中国では例年、4月に自動車新車販売数が年間のピークを記録します。しかし、2004年4月は全国の乗用車販売数が22万台強と、前月を2.72%下回ってしまい(2003年4月は前月比6.5%増)、続く5月も前月比で19.27%下降、“黒色5月”とさえ言われ、国産自動車価格は9.2%下落し、25%を記録した車種も出現しました。2年連続して50%以上の成長を示してきた中国の乗用車市場に変化が生じ始めたことは誰の眼にも明らかです。
そこで今回の変調の原因を探ると、まず、以下の2点が指摘されます。

  1. 政府の経済引き締めの影響。年初より続く経済過熱を抑制する為の、素材産業を中心とした政府の引き締め政策とそれに伴う様々なプロジェクトの見直しは、間接的に自動車需要、特に商用車需要に影響を与えました。
  2. 最初に30%の支払いを義務付けるなど自動車ローンの条件が非常に厳しくなり、年収5万元前後の購買層にとって購入環境が厳しくなったこと。2003年は、個人購入者の40%がローンを使用しましたが、2004年に条件が厳しくなってから、この比率は10〜20%程度にまで急落しています。

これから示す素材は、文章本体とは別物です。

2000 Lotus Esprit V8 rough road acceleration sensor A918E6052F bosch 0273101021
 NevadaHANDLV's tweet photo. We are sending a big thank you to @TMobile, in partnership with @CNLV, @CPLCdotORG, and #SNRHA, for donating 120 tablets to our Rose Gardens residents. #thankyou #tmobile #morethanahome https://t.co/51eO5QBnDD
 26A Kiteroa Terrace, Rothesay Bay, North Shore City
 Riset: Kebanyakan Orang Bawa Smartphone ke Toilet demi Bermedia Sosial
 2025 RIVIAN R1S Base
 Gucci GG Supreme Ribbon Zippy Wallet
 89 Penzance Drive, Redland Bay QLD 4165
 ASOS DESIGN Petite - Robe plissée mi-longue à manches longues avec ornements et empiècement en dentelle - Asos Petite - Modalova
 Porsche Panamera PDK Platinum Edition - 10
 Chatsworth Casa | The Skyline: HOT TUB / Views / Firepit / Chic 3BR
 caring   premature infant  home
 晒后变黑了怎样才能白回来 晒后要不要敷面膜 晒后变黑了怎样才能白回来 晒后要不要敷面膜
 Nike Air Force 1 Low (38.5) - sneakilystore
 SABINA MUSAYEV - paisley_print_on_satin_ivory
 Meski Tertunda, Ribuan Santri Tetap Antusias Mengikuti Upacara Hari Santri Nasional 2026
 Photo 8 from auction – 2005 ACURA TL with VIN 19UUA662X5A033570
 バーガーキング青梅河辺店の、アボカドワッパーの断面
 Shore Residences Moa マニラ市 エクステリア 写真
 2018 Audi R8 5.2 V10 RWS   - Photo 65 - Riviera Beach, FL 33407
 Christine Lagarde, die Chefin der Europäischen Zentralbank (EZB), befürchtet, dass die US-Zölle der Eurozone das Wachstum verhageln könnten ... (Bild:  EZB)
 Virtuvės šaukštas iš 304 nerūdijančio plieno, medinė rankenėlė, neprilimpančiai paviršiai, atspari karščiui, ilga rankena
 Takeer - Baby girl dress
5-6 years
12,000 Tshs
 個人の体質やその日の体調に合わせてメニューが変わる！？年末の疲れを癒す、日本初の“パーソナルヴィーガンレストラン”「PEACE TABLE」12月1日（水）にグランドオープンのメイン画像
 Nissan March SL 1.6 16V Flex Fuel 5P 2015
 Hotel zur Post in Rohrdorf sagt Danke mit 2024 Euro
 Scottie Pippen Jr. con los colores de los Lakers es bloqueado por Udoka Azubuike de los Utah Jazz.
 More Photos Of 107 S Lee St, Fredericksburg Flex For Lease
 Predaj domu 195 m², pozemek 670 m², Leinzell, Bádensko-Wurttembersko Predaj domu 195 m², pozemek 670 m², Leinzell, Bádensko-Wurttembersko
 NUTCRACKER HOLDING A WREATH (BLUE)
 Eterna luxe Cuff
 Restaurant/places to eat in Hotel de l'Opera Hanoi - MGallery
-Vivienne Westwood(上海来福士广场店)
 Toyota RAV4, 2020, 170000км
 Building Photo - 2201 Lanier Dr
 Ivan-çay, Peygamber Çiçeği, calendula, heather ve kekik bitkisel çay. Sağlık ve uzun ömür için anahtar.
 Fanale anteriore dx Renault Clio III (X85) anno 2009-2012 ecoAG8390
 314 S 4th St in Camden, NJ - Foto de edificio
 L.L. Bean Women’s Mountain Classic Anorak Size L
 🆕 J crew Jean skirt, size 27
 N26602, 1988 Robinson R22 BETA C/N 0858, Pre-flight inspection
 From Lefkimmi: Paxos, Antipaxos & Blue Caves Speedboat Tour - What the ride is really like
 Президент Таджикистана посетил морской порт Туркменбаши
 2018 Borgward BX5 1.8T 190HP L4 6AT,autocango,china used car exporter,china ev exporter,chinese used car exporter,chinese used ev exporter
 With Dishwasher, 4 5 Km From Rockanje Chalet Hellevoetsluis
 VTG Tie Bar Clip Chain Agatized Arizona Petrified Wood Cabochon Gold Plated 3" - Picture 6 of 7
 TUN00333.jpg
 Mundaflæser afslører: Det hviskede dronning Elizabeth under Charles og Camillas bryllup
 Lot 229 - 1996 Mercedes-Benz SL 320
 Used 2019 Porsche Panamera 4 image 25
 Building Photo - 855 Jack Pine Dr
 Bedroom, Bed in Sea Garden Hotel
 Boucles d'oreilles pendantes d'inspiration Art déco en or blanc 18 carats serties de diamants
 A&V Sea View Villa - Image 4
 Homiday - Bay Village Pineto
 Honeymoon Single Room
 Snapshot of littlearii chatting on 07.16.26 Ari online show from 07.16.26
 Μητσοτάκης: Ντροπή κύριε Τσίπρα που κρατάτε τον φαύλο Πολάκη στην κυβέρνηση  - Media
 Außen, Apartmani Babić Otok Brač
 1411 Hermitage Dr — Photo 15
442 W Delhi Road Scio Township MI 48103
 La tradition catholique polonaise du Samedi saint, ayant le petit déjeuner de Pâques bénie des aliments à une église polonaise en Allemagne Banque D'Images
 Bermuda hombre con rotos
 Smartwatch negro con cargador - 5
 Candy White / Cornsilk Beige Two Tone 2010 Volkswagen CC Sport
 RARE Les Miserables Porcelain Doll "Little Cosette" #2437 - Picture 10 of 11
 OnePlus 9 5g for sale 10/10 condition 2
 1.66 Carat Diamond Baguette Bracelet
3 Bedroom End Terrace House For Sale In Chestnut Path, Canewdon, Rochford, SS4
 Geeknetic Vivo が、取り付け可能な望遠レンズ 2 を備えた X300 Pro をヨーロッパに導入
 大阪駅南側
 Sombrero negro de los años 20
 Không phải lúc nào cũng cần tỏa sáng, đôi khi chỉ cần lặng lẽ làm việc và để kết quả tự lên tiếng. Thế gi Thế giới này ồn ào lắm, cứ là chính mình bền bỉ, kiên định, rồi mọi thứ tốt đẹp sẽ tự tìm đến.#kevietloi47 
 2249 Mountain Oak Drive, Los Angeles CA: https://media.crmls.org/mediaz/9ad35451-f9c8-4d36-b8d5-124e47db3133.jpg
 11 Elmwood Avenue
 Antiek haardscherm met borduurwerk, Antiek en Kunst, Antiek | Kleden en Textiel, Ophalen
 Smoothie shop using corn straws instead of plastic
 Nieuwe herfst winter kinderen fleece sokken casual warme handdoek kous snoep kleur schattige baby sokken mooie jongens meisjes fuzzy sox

この一方で、各自動車メーカーは販売シェア獲得を狙って、2004年も生産計画を大幅にアップしていたため在庫が急増し、多くの企業が販売計画の下方修正を迫られ、販売価格も更に下落、9月には国慶節の長期休暇需要を見込んだ下落第2波が出現しました。2005年以降はWTO加盟時の公約に従って自動車の関税率が引き下げられます。これに上述の“継続する販売価格の低落傾向”という要素が加わり、消費者の買い控えが一層助長されました。その結果は更なる在庫の増加、値下げという悪循環です。乗用車の在庫は「8月に既に40万台を突破した」と言われ、生産ライン全体の30%が休止状態に入り、2004年の乗用車販売価格の下落幅は最終的に15%に達した、と言われています。
しかし、一方で新自動車政策の「生産シェアや販売シェアが15%以上の企業グループは独自の経営発展計画を策定してよい」と言う条項を前に、各企業とも退くに退けない状況で、高級化、燃費・燃料の技術革新、輸出市場の拡大、中国国内での販売サービス網の構築、地域別のきめ細かい戦略などを含めた体力勝負に突入しています。